--- Problem details ---
None of the pictures should be copied, though every line of the listing must be printed exactly.

--- Data excerpt ---

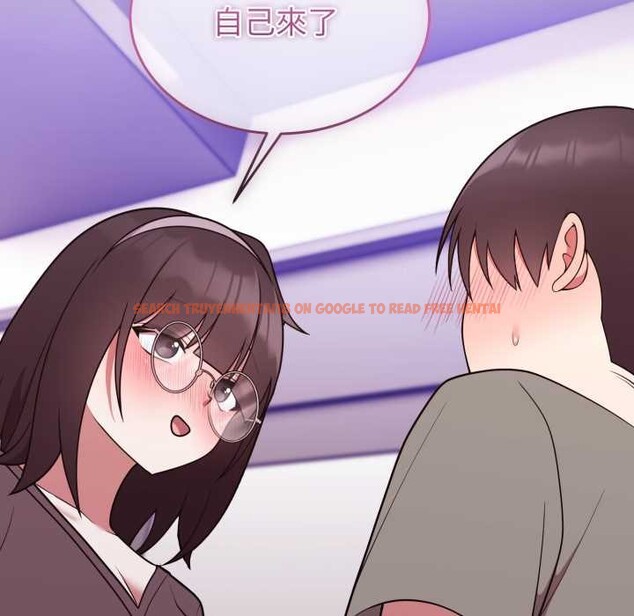 查看漫画難言之秘/說不出口的祕密 - 第35話 - www.tymanga.com中的4340018图片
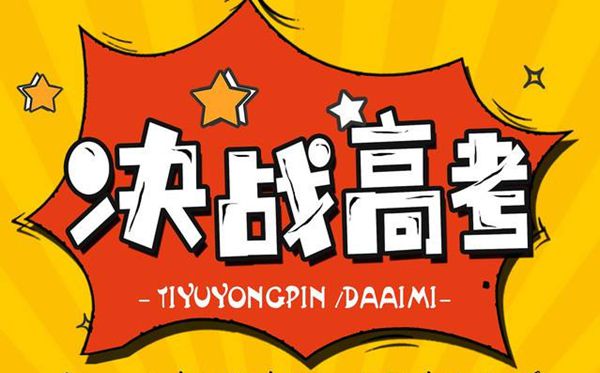 送給高考生的勵(lì)志語(yǔ)錄,高三學(xué)生需要聽(tīng)到的話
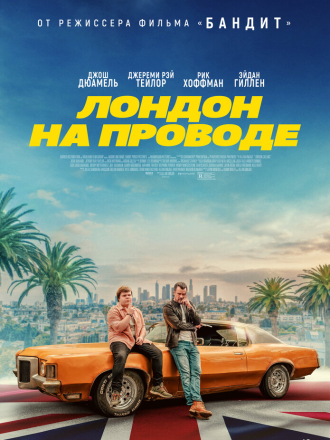 Лондон на проводе / London Calling (2025) скачать торрент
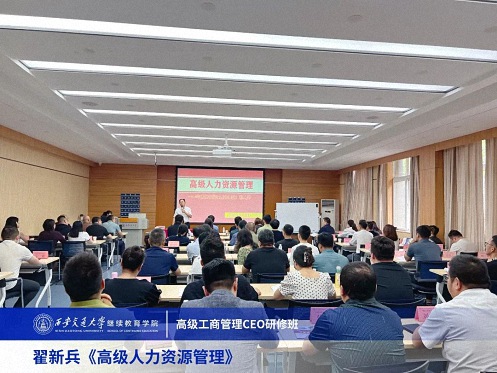 【課程回顧】陜西分院8月12日-13日翟新兵教授《高級(jí)人力資源管理》1272.jpg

--- Solved exercise ---
 查看漫画難言之秘/說不出口的祕密 - 第35話 - www.tymanga.com中的4340018图片
 送給高考生的勵(lì)志語(yǔ)錄,高三學(xué)生需要聽(tīng)到的話
 Лондон на проводе / London Calling (2025) скачать торрент
 【課程回顧】陜西分院8月12日-13日翟新兵教授《高級(jí)人力資源管理》1272.jpg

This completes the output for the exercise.